Mindfulness, as a term, is uselessly broad; it's such a bad way to identify a category of treatment/behavior that there appears to be an entire subgenre of scientific papers that work to create a framework of what Mindfulness actually is -- I read at least three papers, all published in the last ten years, that are like "What is Mindfulness in a useful sense?" and all of them had different answers. And because Mindfulness is now a buzzword, if you're researching it then you're likely to run into everything from scholarly articles to pop journalism to clickbait, to both harmless and genuinely dangerous peddlers of quack science. And sometimes the quack scientists are also publishing scholarly articles where they've just been p-hacking.
So I'm inclined to agree that mindfulness is mostly nonsense, but that's a problem with the term, not what falls underneath it. There are therapeutic modes that call themselves mindfulness that actually are rooted in real science. I think these should probably have a new name, like Therapeutic Awareness or something, but it'd just get co-opted back into the woo, I have a feeling.
So there's a lot of nonsense, but the goal of being present in the moment and self-aware isn't an idle one; there's an increasing body of knowledge suggesting that it's a foundational skill for emotional regulation and healthy coping. The scholarship goes way beyond "mindfulness arises from Buddhist practice" which if I have to read one more time I'm gonna throw stuff. Clinical testing is looking at things like physiological responses to mindfulness behaviors that have nothing to do with what's going on in your conscious mind. There's some woo surrounding "Coherent Breathing" and I don't trust the foremost proponent of it as far as I can throw him, but he didn't invent it, and testing shows that people trained in and practicing Coherent Breathing have better focus and can, to an extent, lower the level of stress hormone in their body. "Positive affect" (happy emotions) didn't rise, but "Negative affect" (sadness, anger, stress etc) was lowered.
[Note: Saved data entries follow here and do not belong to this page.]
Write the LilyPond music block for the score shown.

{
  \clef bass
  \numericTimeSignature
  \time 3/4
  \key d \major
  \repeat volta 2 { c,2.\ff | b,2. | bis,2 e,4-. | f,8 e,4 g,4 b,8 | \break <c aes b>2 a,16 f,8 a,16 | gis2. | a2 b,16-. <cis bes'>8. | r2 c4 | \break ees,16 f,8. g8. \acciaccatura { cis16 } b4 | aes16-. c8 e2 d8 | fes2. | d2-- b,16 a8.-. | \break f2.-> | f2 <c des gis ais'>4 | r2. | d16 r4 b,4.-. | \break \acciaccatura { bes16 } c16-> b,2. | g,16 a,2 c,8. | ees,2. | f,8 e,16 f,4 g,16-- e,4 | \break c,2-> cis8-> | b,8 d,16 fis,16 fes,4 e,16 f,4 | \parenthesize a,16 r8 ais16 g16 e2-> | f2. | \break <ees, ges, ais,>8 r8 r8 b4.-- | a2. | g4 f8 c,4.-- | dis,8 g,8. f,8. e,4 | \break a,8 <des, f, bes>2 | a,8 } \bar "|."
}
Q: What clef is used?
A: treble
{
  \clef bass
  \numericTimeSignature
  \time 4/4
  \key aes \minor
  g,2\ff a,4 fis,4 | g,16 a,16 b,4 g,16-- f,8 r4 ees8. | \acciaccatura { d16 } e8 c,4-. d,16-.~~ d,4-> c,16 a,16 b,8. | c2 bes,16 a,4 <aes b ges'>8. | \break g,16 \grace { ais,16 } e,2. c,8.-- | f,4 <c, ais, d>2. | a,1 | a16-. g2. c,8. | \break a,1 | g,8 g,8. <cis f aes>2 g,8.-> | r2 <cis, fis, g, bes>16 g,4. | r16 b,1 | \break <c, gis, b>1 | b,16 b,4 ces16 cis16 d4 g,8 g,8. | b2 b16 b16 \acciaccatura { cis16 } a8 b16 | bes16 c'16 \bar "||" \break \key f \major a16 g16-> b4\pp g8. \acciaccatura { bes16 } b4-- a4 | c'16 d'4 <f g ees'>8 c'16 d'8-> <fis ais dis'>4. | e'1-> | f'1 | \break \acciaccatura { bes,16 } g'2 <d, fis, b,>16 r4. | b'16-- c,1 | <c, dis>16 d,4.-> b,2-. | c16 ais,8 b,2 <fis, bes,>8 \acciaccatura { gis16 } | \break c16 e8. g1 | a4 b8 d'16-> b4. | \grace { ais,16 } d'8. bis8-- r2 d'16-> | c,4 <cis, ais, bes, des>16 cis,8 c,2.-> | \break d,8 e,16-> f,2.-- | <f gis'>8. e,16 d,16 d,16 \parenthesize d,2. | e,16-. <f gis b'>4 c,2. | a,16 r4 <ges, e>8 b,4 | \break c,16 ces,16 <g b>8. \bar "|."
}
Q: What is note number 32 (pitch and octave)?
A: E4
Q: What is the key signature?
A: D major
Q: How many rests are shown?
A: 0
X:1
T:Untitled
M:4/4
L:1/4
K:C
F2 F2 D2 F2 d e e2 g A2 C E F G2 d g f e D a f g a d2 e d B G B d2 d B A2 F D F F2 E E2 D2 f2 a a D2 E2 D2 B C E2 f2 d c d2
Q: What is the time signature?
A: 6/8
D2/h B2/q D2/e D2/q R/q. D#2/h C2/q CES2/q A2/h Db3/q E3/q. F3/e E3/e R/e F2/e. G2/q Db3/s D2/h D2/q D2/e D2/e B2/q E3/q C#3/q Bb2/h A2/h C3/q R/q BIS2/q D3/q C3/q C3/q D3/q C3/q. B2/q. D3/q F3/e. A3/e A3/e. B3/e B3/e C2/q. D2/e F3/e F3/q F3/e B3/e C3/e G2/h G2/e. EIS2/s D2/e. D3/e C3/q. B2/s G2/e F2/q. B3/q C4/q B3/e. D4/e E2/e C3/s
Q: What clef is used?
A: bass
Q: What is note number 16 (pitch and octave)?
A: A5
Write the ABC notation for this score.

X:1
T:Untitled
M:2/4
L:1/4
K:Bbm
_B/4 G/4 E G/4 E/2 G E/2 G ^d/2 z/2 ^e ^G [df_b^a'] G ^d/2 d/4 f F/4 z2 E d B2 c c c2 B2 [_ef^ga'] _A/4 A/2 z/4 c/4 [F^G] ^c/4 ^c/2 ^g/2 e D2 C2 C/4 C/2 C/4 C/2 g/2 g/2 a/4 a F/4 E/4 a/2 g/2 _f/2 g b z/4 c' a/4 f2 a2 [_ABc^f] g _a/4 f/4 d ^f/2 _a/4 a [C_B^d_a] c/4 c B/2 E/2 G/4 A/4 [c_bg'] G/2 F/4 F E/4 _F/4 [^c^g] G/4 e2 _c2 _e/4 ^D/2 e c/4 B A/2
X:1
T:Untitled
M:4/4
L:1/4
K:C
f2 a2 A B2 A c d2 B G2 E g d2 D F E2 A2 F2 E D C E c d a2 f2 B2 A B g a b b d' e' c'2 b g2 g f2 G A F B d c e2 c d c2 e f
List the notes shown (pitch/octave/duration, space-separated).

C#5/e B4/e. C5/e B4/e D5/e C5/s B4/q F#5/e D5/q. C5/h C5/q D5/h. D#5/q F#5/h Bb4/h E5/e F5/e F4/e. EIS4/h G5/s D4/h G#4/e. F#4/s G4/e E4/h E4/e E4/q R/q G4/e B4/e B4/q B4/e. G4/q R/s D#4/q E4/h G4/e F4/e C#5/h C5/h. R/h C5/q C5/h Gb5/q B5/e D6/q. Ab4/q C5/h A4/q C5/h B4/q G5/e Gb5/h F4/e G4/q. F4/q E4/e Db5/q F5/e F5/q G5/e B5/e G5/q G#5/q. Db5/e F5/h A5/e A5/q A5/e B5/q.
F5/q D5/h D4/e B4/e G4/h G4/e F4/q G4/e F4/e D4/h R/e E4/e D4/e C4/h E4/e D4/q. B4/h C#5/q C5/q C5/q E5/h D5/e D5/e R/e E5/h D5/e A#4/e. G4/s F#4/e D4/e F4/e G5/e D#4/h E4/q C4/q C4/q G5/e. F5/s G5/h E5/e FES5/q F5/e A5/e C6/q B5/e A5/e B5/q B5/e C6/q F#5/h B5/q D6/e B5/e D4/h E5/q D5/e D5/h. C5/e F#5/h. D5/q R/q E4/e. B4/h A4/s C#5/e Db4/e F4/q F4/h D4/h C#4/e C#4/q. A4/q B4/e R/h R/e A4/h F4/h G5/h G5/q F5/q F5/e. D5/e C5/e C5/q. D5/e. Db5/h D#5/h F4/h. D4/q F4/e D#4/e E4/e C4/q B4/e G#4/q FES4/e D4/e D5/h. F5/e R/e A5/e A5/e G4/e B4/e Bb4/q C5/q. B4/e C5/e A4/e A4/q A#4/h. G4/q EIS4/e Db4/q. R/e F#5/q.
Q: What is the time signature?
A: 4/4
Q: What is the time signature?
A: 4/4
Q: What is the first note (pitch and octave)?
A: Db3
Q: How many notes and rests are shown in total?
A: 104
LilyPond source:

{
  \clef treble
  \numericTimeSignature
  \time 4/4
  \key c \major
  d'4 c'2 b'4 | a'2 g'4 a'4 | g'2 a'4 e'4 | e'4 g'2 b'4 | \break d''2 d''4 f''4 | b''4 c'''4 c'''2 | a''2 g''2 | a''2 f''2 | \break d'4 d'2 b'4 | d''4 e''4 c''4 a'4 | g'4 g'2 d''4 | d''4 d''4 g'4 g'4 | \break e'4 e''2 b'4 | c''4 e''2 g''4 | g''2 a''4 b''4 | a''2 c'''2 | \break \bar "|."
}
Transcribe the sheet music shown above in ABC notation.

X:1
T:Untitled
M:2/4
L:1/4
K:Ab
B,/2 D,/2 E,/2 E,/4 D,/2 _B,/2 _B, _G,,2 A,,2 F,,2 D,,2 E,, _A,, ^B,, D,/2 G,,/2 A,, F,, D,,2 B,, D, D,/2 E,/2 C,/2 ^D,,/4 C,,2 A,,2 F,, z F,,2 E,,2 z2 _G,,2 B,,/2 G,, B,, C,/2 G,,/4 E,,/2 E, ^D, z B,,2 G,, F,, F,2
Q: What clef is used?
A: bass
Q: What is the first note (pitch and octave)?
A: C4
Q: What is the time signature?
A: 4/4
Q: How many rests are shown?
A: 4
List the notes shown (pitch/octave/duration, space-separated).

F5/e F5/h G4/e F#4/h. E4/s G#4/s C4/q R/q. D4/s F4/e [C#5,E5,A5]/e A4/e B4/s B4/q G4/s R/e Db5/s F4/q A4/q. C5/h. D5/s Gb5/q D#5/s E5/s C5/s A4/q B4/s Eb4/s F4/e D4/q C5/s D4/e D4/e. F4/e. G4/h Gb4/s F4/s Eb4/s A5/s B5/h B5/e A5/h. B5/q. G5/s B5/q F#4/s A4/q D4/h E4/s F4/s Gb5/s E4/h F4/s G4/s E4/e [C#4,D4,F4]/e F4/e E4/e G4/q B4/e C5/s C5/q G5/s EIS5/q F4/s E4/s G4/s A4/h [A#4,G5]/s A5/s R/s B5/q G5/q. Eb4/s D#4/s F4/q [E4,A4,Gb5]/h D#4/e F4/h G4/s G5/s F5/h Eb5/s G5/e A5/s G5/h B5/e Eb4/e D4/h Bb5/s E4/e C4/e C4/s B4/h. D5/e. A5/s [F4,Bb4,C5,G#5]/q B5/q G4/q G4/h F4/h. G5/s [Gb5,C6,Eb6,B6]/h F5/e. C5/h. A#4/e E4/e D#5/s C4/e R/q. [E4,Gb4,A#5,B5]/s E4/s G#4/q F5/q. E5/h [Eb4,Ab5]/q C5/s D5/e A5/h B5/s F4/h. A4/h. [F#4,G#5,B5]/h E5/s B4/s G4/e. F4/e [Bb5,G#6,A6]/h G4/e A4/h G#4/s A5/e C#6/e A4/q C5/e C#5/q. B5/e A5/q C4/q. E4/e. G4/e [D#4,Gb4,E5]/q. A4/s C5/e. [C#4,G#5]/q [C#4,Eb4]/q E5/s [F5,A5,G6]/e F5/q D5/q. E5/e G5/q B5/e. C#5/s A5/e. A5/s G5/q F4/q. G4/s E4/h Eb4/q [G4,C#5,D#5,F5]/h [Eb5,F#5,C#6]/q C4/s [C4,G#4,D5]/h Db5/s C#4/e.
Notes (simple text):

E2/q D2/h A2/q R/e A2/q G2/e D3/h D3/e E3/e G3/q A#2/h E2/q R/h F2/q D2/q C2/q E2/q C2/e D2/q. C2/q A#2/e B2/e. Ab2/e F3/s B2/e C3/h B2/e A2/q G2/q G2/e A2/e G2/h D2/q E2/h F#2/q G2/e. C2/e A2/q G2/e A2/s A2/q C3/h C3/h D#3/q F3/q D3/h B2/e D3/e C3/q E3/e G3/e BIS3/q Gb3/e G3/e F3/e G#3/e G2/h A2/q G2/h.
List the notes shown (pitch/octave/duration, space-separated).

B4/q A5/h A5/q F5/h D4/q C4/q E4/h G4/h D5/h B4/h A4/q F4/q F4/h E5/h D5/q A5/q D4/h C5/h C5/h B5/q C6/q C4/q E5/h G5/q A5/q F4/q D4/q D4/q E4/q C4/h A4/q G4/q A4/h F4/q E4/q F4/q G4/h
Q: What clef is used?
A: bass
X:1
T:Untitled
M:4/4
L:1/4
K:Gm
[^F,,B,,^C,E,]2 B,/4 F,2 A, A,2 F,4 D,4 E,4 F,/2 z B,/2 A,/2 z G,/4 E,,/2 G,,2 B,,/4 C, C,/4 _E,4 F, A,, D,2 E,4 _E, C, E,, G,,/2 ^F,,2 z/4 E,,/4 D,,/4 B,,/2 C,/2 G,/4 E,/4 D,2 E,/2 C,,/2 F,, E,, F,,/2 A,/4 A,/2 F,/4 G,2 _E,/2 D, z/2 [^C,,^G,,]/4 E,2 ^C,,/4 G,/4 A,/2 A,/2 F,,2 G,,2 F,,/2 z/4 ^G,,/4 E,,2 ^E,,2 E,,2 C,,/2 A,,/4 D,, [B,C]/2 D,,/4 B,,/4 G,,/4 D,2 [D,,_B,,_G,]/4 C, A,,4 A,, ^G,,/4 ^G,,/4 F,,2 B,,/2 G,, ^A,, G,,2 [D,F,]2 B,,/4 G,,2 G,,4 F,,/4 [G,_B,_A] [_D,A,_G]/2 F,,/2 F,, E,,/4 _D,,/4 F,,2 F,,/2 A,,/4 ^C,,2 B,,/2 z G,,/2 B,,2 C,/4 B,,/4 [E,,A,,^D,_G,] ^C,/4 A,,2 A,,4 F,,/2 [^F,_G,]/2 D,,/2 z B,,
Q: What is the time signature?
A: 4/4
A lot of what's being studied on a clinical level involves us as humans somehow activating shit in our nervous system that we have no conscious control over, the same way we develop muscle memory by doing a task repeatedly. That has measurable value for the issues I'm trying to solve, but it's not universally applicable, which is another reason so much of mindfulness comes across as junk science, because it tries to tell us that it's a cure-all when it isn't.
But there's reason to believe that if you can reroute your nervous system when you're starting to become upset, you can short-circuit maladaptive reactions and prevent it from causing a spiral or an over-reaction or similar, and some practices called mindfulness can train for that. And that's my goal, so I'm willing to rummage in the garbage for the gold.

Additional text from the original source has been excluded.